The photos of the VAX-11/750 were pre-digital and lost somewhere in storage boxes. I was trained for the first generation but only ever maintained second generation hardware (B5500) for an infinitesimally short time before moving onto third generation systems. If you have a first generation system in your basement I’m probably qualified to maintain it.

Love the hockey puck mice. I have some of those myself but not brand new. Love the Microvax II as well.

Lost somewhere in a box is a photo of my VAX750 sitting on seagrass matting.

Returning to the Hardware Upgrade Problems topic.
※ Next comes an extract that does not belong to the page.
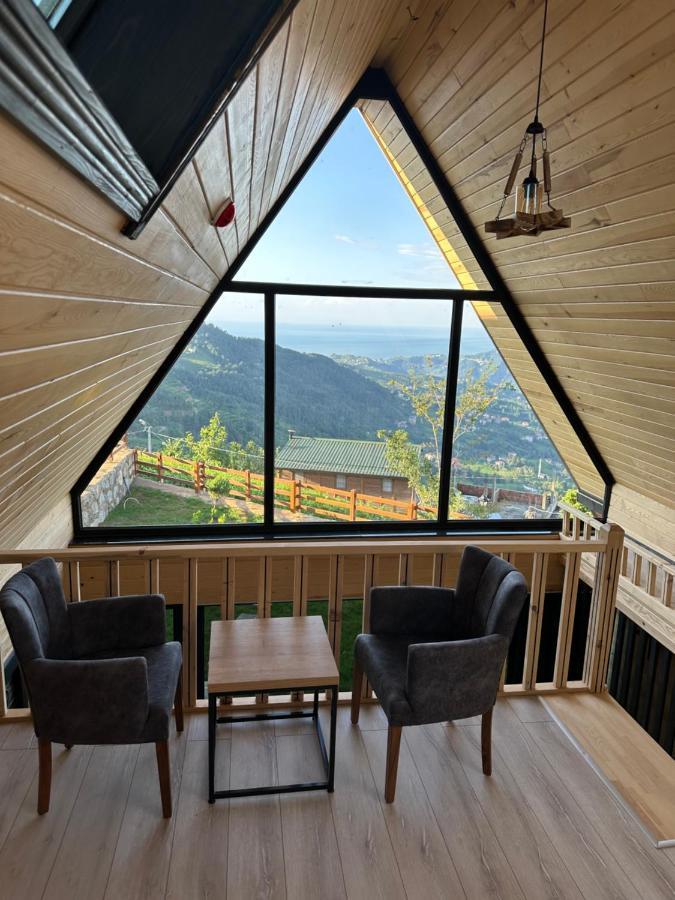 Of Camlik Bungalov Villa Of Exteriör bild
I bought secondhand a complete Icom NXDN (IDAS) repeater installation in a small rack. The intention was using the IC-FR5000 in the radio shack (such as it is). This gave me a small rack that I could re-purpose as a home lab.

Rackstuds looked much less painful than cage nuts but…
Rackstuds are sold for two different thicknesses of rack hardware metal. I made the mistake of buying the thin metal Rackstuds (Red coloured) for an oddball, secondhand, communications (radio) equipment rack which had thicker metal. I had to revert to metal cage nuts.

The colour coded Rackstud sizes are:
Red up to 2.2mm/0.086"
Purple 2.7mm/0.106" to 3.2mm/0.125"

Suggest you confirm your rack’s rail thickness before buying any Rackstuds.

On a completely different topic with only a tenuous link.- Housing upgrades.
Of course using the word ‘Housing’ may cause confusion. I’m not going to be discussing the outer shell of an item like a rack. The upgrade being discussed is to your home.

Our move was from a rental property into our new home. In the Contract signed with our builder I inserted a clause that at the stage his electrician had run the power cables to the future power points and before the plasterboard (dry wall) was installed there would be a two week period for the installation of comms, media, etc., cabling. This may seem excessive but in my case that really was not enough due to circumstances outside of my control. In our country the installation of comms cabling is regulated and I have always held the appropriate licence(s). I’m old enough to predate the introduction of our licencing regime and was grandfathered into the system i.e. no written exams.

If your comms and media cabling is in the builders contract it is advisable to have access specified in the contract to take photographs of the cable installation prior the plasterboard (dry wall) installation. Depending on your contract you may not have the right to enter a house under construction. At this stage of construction any water or gas pipelines should be visible and detailed photos of the house will make it much easier to avoid serious mistakes when making modifications to wiring.

In our case the sales guy was boasting how we would be surprised by how many power points were going to be installed by the builder. That boast went out the window when we sat down to do the the location of power points. I would have liked 3 phase power but that like some other items was outside our budget. Do make certain that you have too many power points for your computer and comms needs as too few can be more expensive and/or unsightly.

Power is one regulated area that does not translate well between countries due to different standards e.g. voltages and current. While comms has its own issues that prevent recommendations i.e. ADSL, xDSL, Cable, Fibre, Sattelite, etc. I would argue, in the past, a comms cabinet or closet was not needed in the average home. These days planing for comms is essential.